Why You Need a Specialist Advisor
To an outsider, the food and beverage businesses appear well-established, dominated by big companies, perhaps even sleepy. Frequently we hear how stable the industries are, followed by the comments, “people always need to eat and drink” and “eating habits change slowly.” As an insider, you know the food and beverage industries are anything but sleepy: they’re intensely competitive; they engages consumers on emotional as well as functional levels; and they are more technically complex and dynamic than outsiders realize.
U.S. consumers spend over $1 trillion on food, with about 60% of that spent on food at home and 40% on food away from home. Each of these market segments has grown at roughly 4% over the past eight years. There are approximately one million restaurants in the U.S., 85 thousand grocery stores and 28 thousand food manufacturing locations. Low barriers to entry create a dynamic industry populated by small, agile companies that are meeting and shaping changing consumer behavior. New participants frequently educate consumers about previously unknown needs, which in turn increase demands on existing firms to serve those needs. With advances in technology and communications, the industry moves faster now than ever before; the pace of innovation will only increase as the retailer landscape continues to shift and consumer expectations evolve, fueled by a fragmented new media. On top of these pressures, consumers are pinching pennies on the demand side while commodity price volatility is dramatically impacting the supply side.
Strong Consumer Involvement
One constant in the business is the intense emotional connection that consumers have with food. What you eat drives not only how you feel emotionally (comfort food) and physically (sugar highs), it also impacts your long-term health (obesity and other wellness issues). As consumers have access to wider sources of information, the long-standing value of brands becomes more important in some cases: they are a trusted means to navigate information overload. Under other circumstances, such as when new claims emerge that a brand doesn’t address or another brand addresses better, brand is less relevant. And although food is very personal, there are now a host of interest groups and coalitions seeking to change the relationship between food consumers and the food industry.
Very Complex Businesses
In classic strategy companies can compete on price with a commodity product, differentiate their products in some way or combine the two strategies. In the food business, you also have to take into account a variety of groups other than the 3C’s (company, customer and competitors), and those other players increase the complexity of doing business exponentially. The government regulates food at many levels and continues to increase the scope of that influence (e.g. marketing restrictions, fat taxes, public school curriculum). Meanwhile, certain interest groups exist solely to influence what consumers eat (e.g. CSPI) while shifting trade regulations present consumers with more choice from more places than ever before. Healthcare providers and insurance companies also have perspectives and seek to influence consumer behavior. These circumstances create an ever-shifting environment that is more challenging for food companies to navigate than ever before.
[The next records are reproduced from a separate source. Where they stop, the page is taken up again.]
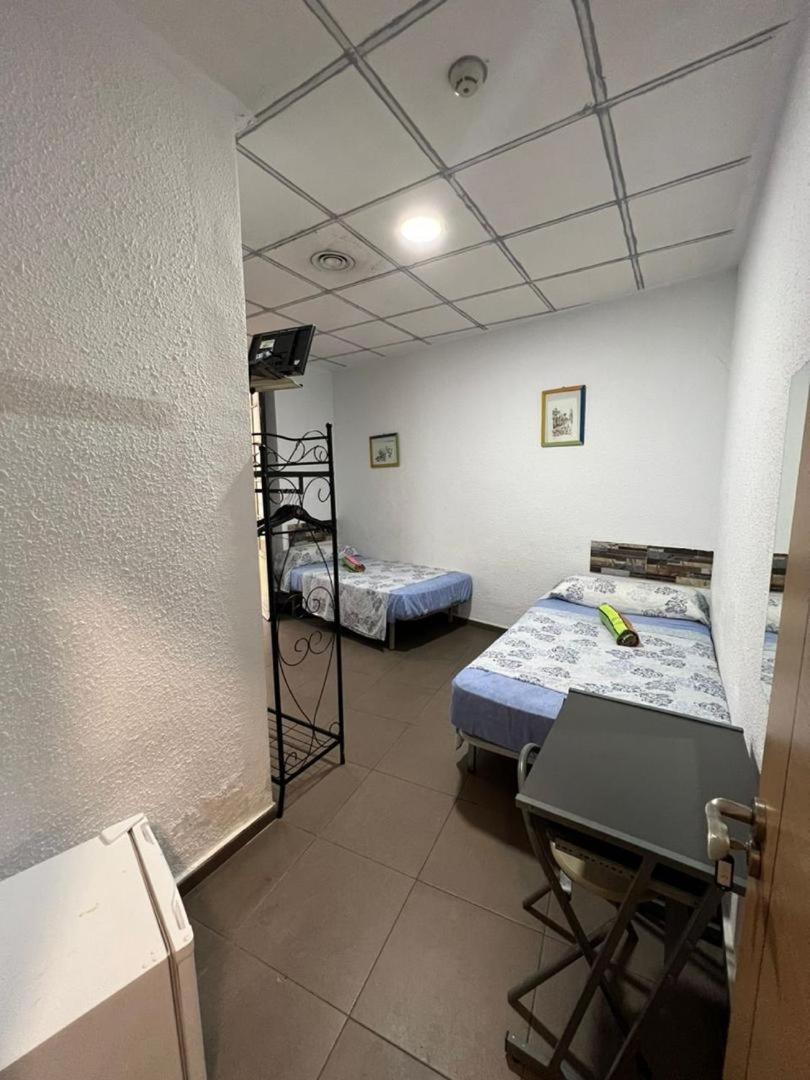 Hostal Milan Alicante Exteriör bild A room at a love hotel in Tokyo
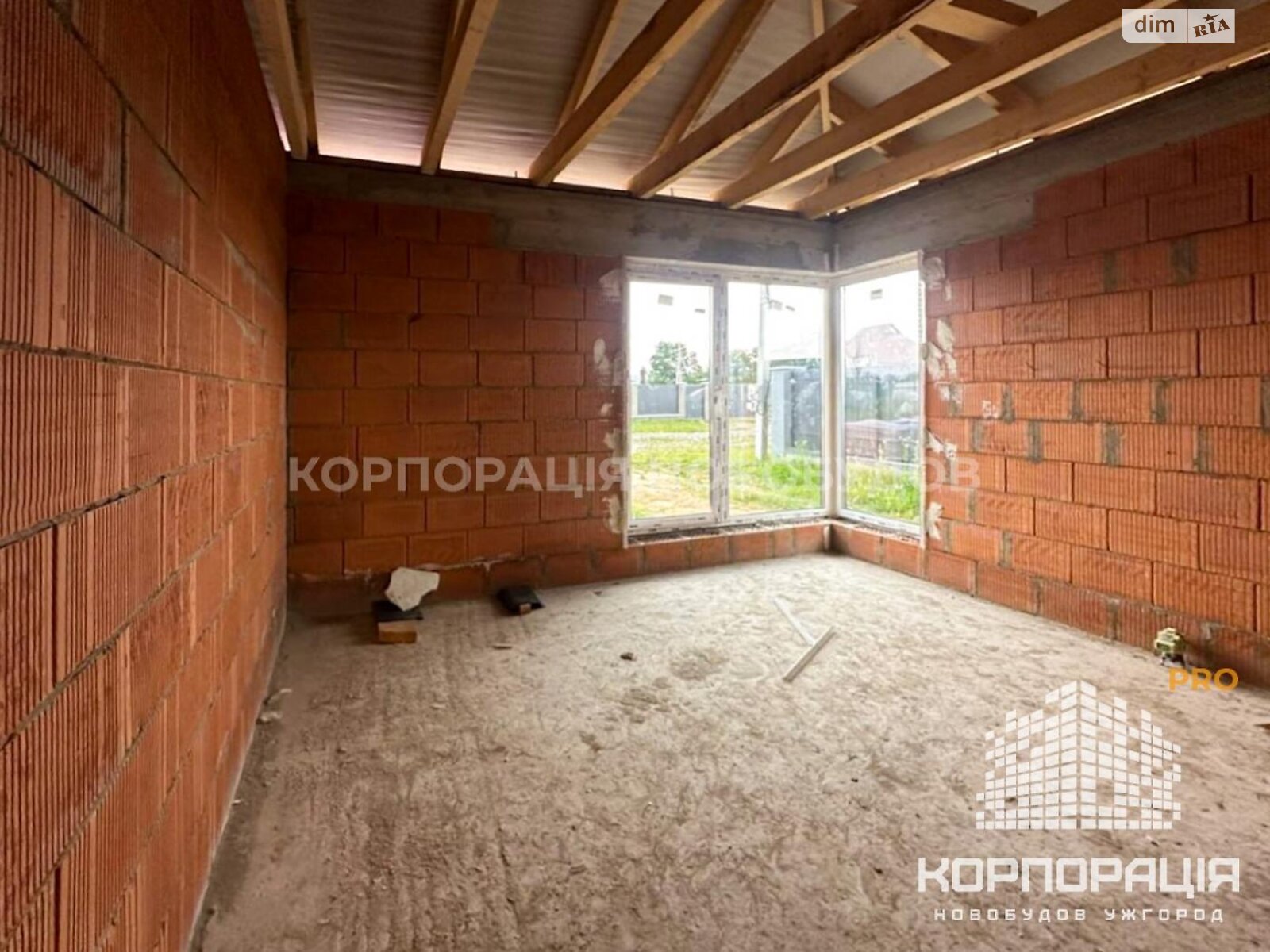 одноповерховий будинок, 115 кв. м, кирпич. Продаж в Ужгороді, район Садовий фото 1 одноповерховий будинок, 115 кв. м, кирпич. Продаж в Ужгороді, район Садовий фото 1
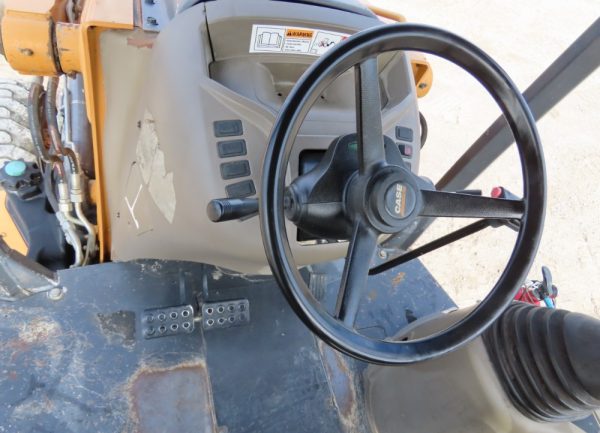 2015 Case 580N - Image 23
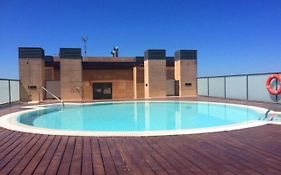 GATU Piso Puerto, Centro, parking gratis, terraza, piscina común- Mayores de 25 años y familias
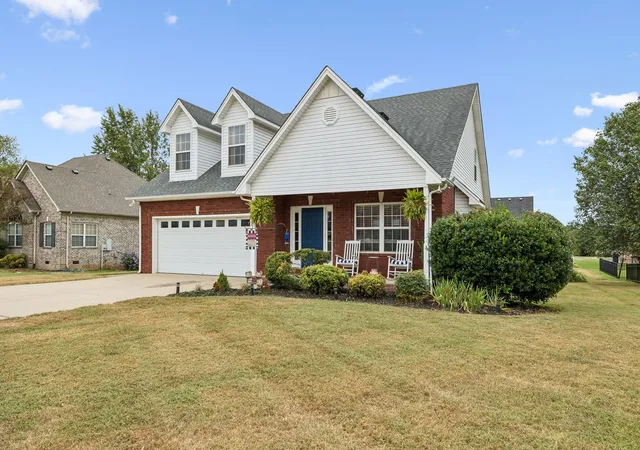 Photo 2 of Single family home for sale at 812 Renaissance Ave, Murfreesboro, TN 37129 | MLS# 3520243 | Listing updated on 2026-10-10
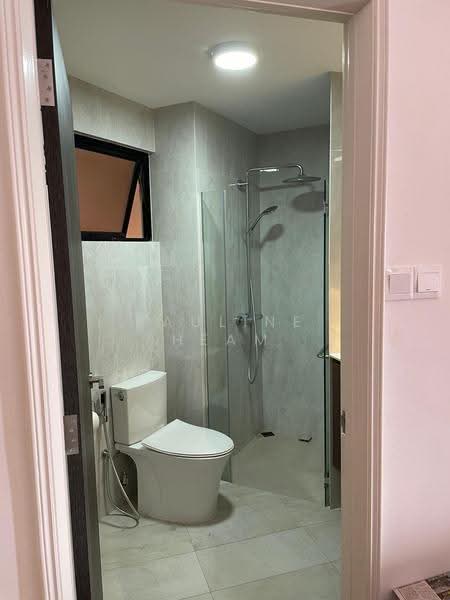 Dover Parkview, 30 Dover Rise, Buona Vista / West Coast / Clementi New Town, 2 Bedrooms, 969 sqft, Condominium For Rent, by Pauline Heam, 500256372 - Bathroom - PropertyGuru.com.sg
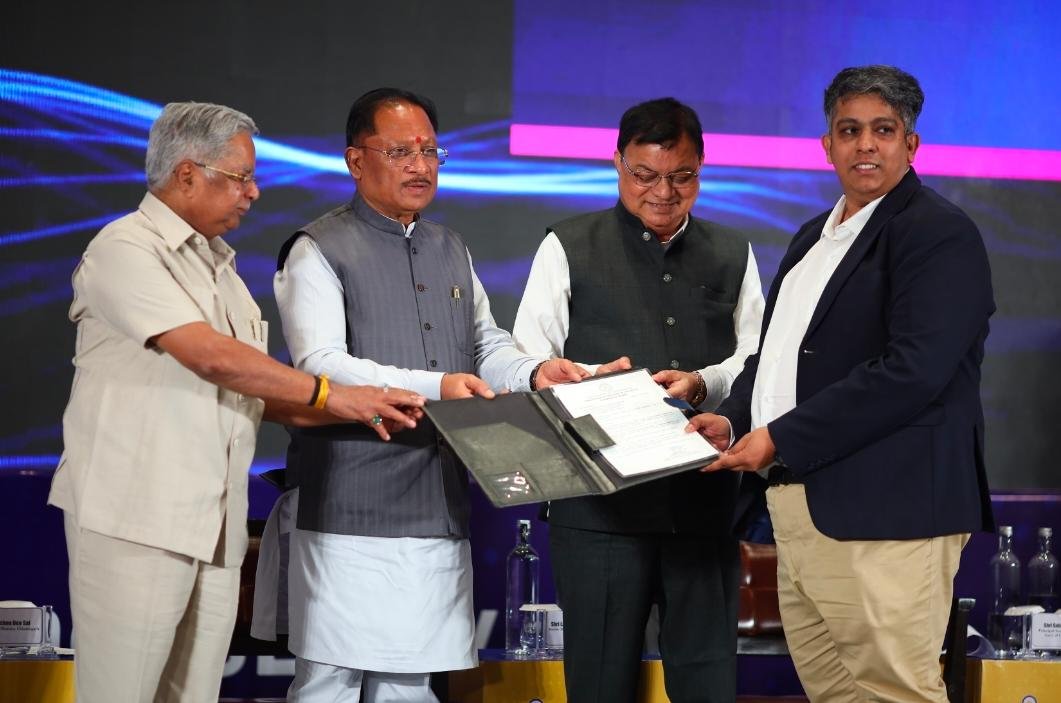 ‘रेड कारपेट’ नीति लाई रंग: हैदराबाद इन्वेस्टर कनेक्ट में छत्तीसगढ़ को मिले 9,580 करोड़ के प्रस्ताव, हजारों युवाओं को मिलेगा रोजगार 1 IMG 20260612 WA0047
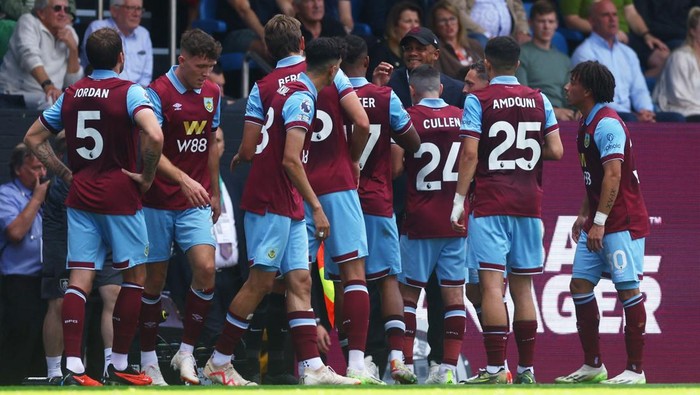 Soccer Football - Premier League - Burnley v Tottenham Hotspur - Turf Moor, Burnley, Britain - September 2, 2023 Burnley manager Vincent Kompany speaks to the players during a drinks break Action Images via Reuters/Lee Smith EDITORIAL USE ONLY. No use with unauthorized audio, video, data, fixture lists, club/league logos or live services. Online in-match use limited to 75 images, no video emulation. No use in betting, games or single club /league/player publications.  Please contact your account representative for further details.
The pace of change in the food sector won’t slow down; most likely it will increase, driven by faster technological change, changing consumer expectations and the increased flow of information. Consumers will continue to trade up to higher priced goods and services where they see benefit, while at the same time trading down in increasing numbers where they see lack of differentiation. Over the long term, consumers will be more health conscious as they age while also becoming more concerned about broad environmental concerns. These factors combine to create an imperative for food companies to step up their game, become more insightful and to apply those insights to their strategies and operations.